Work instruction – Beginning with the line that holds "Кыргызстан усилил ветконтроль" and ending with the last line below, repeat each line exactly, leaving any pictures out.

Information provided –
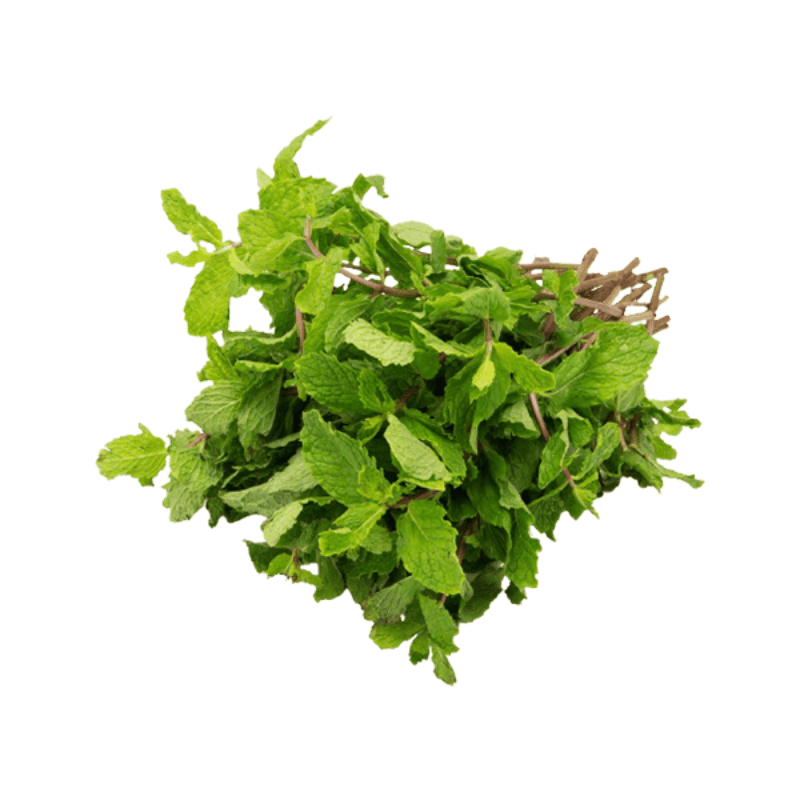 Mint Leaves Bundle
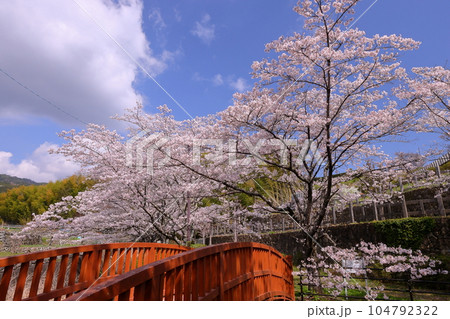 山梨県南アルプス市平岡 桜満開のほたるみ橋公園のソメイヨシノと漆川に架かる木橋の景色 山梨県南アルプス市平岡 桜満開のほたるみ橋公園のソメイヨシノと漆川に架かる木橋の景色 104792322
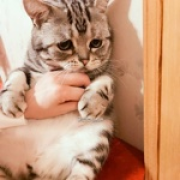 阿尔赛纳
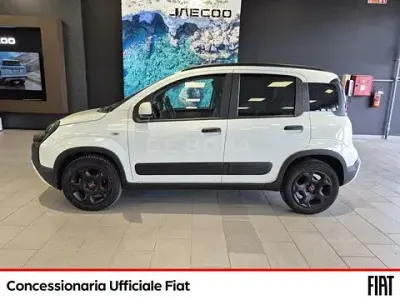 Usata Fiat Panda Cross Cross 70 CV (51 kW) 2022 Bianco Utilitaria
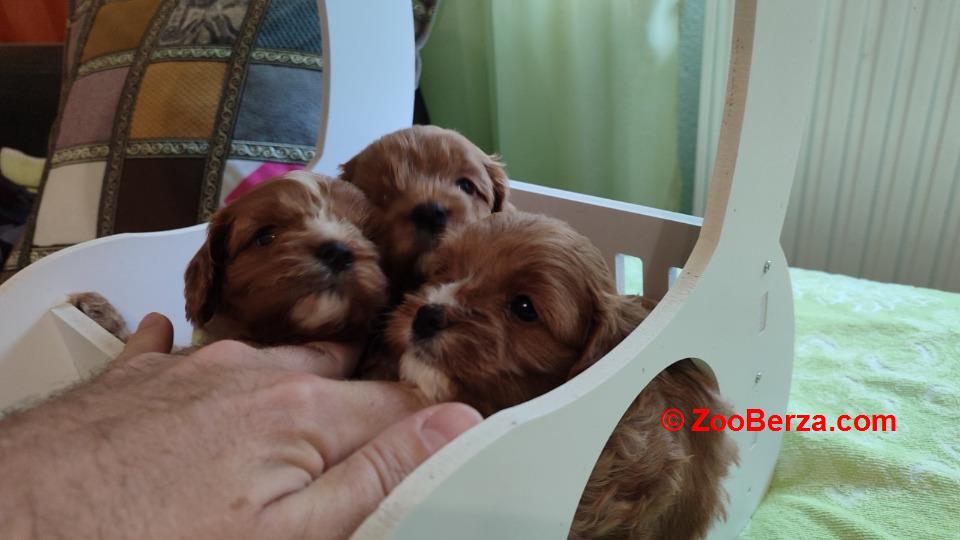 Cavapoo stenci 2025
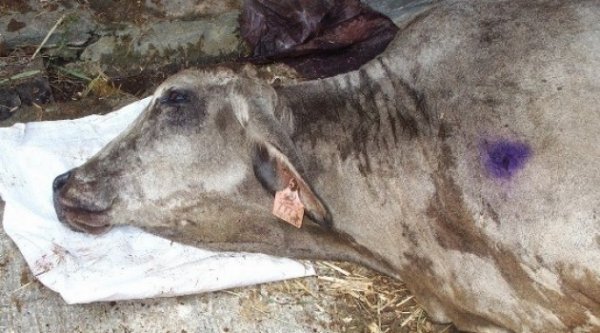 Кыргызстан усилил ветконтроль на границе из-за вспышки сибирской язвы в Казахстане &mdash; Tazabek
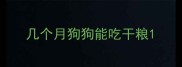 几个月狗狗能吃干粮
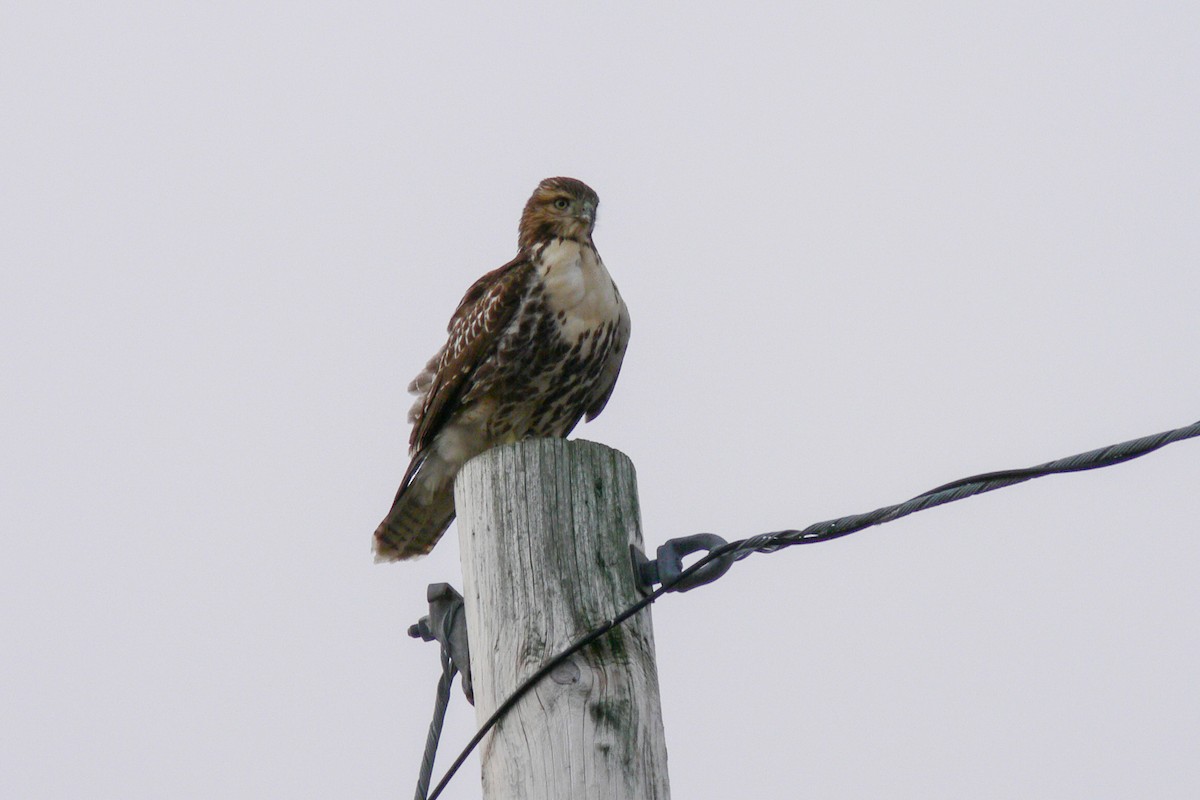 Red-tailed Hawk - ML641045845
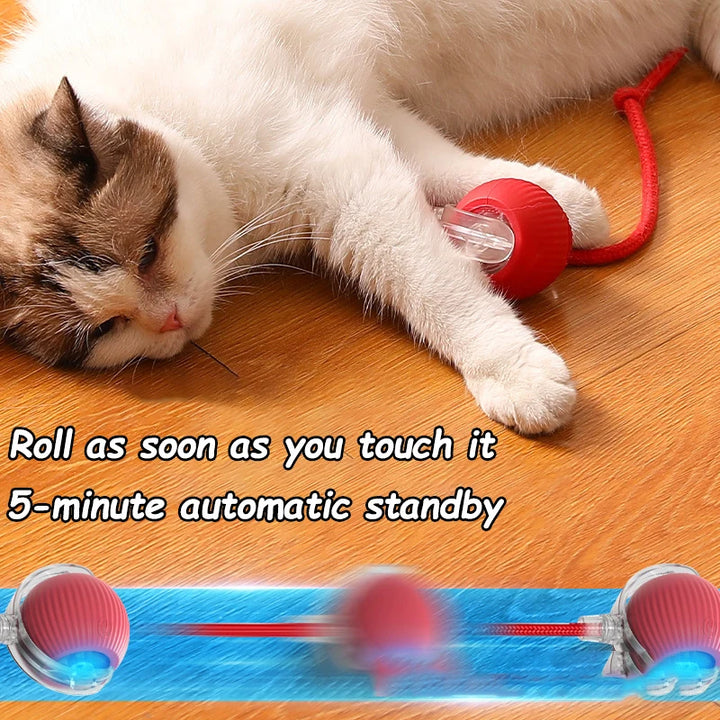 Interactive Cat Toy Ball with Fake Tail - Electric Toy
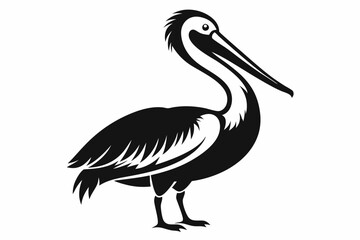 pelican line art silhouette vector illustration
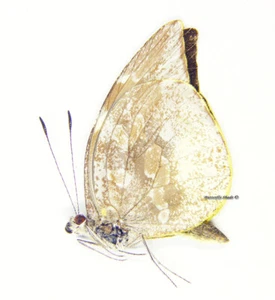 Unmounted Butterfly/Pieridae - Lieinix nemesis atthis, M, A- - Picture 1 of 1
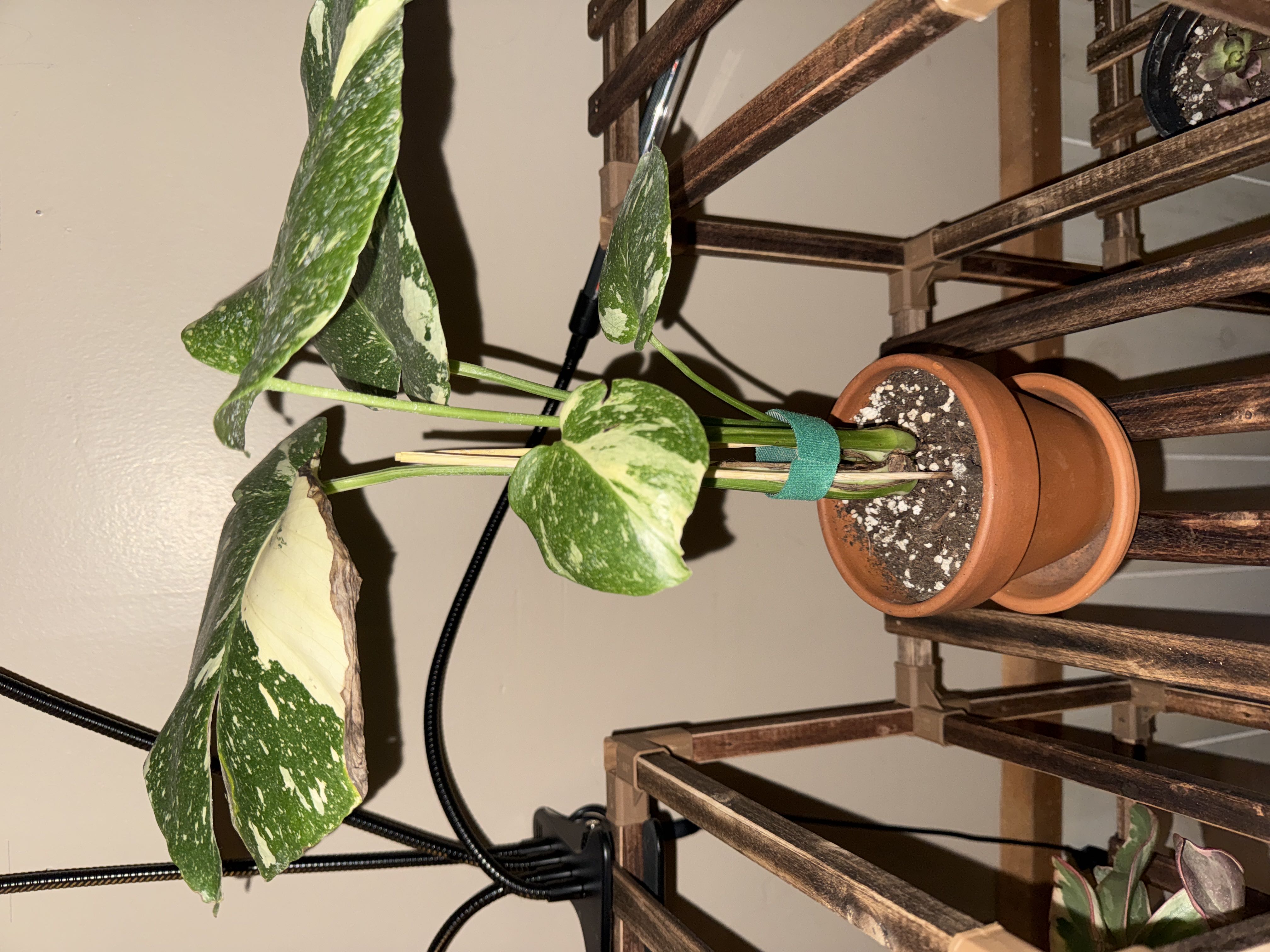 I need help with my monstera. She’s browning on me, I mov...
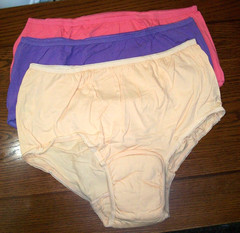 NEW SEA CARE PLUS 2X LOT 3 MULTI COTTON PAD INCONTINENCE UNDERWEAR PANTIES BRIEF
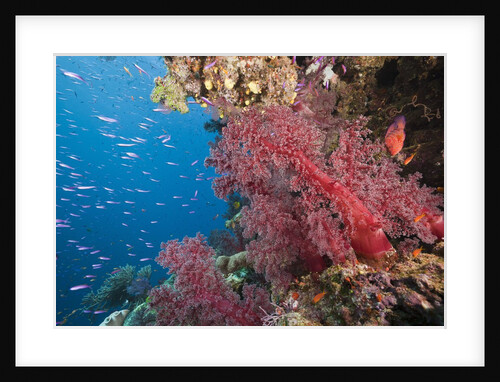 Fiji Coral Reef by Anonymous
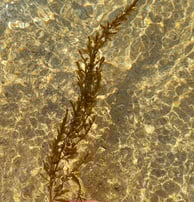 Japanese wire weed in the water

Your response –
 Кыргызстан усилил ветконтроль на границе из-за вспышки сибирской язвы в Казахстане &mdash; Tazabek
 几个月狗狗能吃干粮
 Red-tailed Hawk - ML641045845
 Interactive Cat Toy Ball with Fake Tail - Electric Toy
 pelican line art silhouette vector illustration
 Unmounted Butterfly/Pieridae - Lieinix nemesis atthis, M, A- - Picture 1 of 1
 I need help with my monstera. She’s browning on me, I mov...
 NEW SEA CARE PLUS 2X LOT 3 MULTI COTTON PAD INCONTINENCE UNDERWEAR PANTIES BRIEF
 Fiji Coral Reef by Anonymous
 Japanese wire weed in the water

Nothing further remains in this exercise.